Buscopan Plus 10 mg/500 mg, Filmtabletten Anwendungsgebiet: bei krampfartigen Schmerzen bei Erkrankungen des Magens und des Darmes, krampfartigen Schmerzen und Funktionsstörungen der Gallenwege, der ableitenden Harnwege sowie der weiblichen Geschlechtsorgane (z. B. schmerzhafte Regelblutungen).

Zu Risiken und Nebenwirkungen lesen Sie die Packungsbeilage und fragen Sie Ihren Arzt oder Apotheker!
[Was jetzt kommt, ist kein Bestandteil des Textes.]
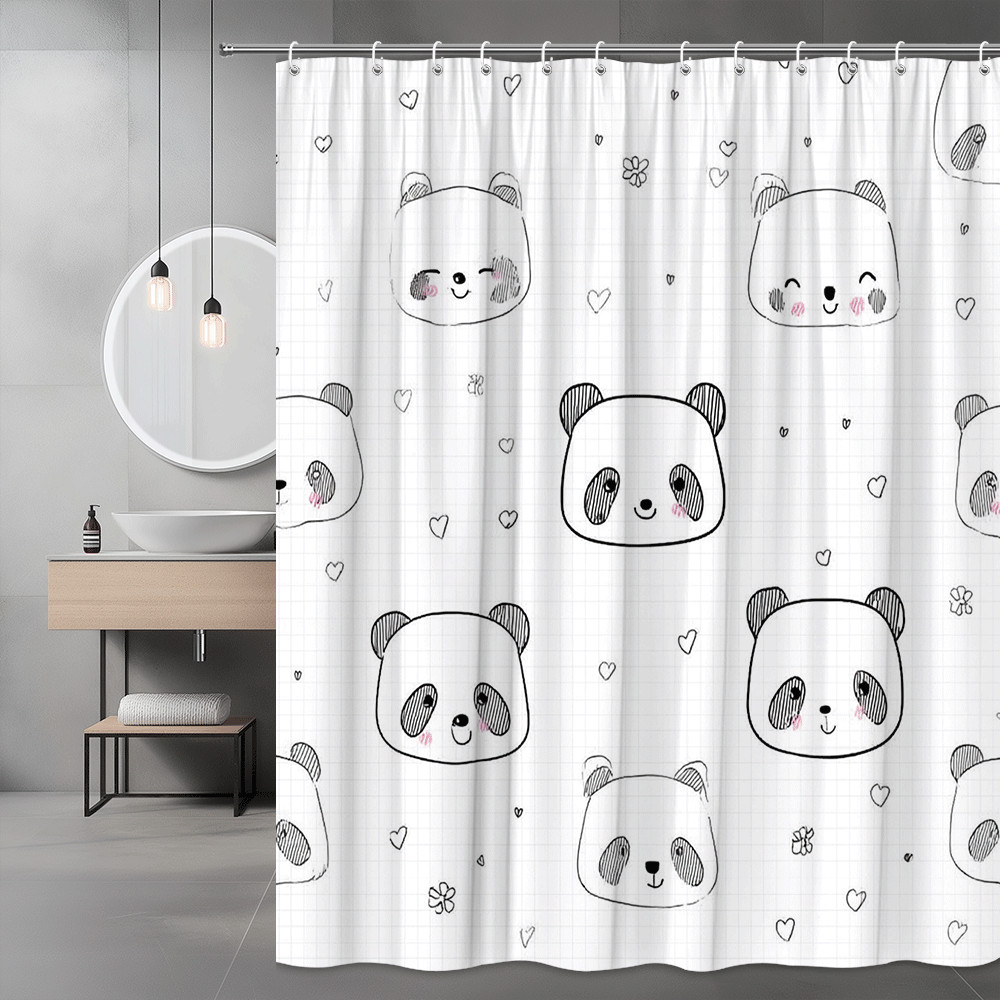 Panda Face Shower Curtain Cute Heart Doodle Print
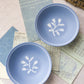 Vintage Small Wales Blue & White Ceramic Tulip Bowls (Set of 2)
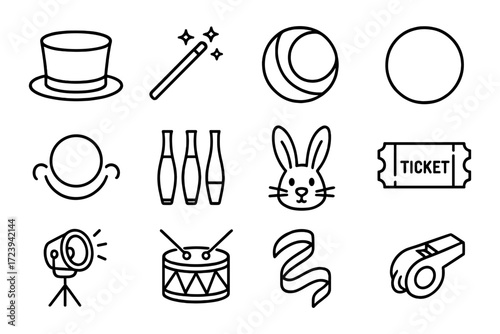 Magic show icons: line art featuring hat, wand, rabbit, drum, and more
GEBRAUCHSINFORMATION: INFORMATION FÜR DEN ANWENDER

Buscopan Plus 10 mg/500 mg pro Filmtablette zur Anwendung bei Erwachsenen und Jugendlichen ab 12 Jahren
Wirkstoffe: Butylscopolaminiumbromid, Paracetamol

Lesen Sie die gesamte Packungsbeilage sorgfältig durch, bevor Sie mit der Einnahme dieses Arzneimittels beginnen, denn sie enthält wichtige Informationen. Nehmen Sie dieses Arzneimittel immer genau wie in dieser Packungsbeilage beschrieben bzw. genau nach Anweisung Ihres Arztes oder Apothekers ein.
  • Heben Sie die Packungsbeilage auf. Vielleicht möchten Sie diese später nochmals lesen.
  • Fragen Sie Ihren Apotheker, wenn Sie weitere Informationen oder einen Rat benötigen.
  • Wenn Sie Nebenwirkungen bemerken, wenden Sie sich an Ihren Arzt oder Apotheker. Dies gilt auch für Nebenwirkungen, die nicht in dieser Packungsbeilage angegeben sind. Siehe Abschnitt 4.
  • Wenn Sie sich nach 3 - 4 Tagen nicht besser oder gar schlechter fühlen, wenden Sie sich an Ihren Arzt.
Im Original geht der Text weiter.